What to do
Write the data out again, matching every line exactly.

Dataset excerpt
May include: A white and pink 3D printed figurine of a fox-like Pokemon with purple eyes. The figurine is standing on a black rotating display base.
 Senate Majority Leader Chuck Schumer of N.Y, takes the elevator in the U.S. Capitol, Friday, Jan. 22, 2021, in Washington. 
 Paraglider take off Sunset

Exercise solution
May include: A white and pink 3D printed figurine of a fox-like Pokemon with purple eyes. The figurine is standing on a black rotating display base.
 Senate Majority Leader Chuck Schumer of N.Y, takes the elevator in the U.S. Capitol, Friday, Jan. 22, 2021, in Washington. 
 Paraglider take off Sunset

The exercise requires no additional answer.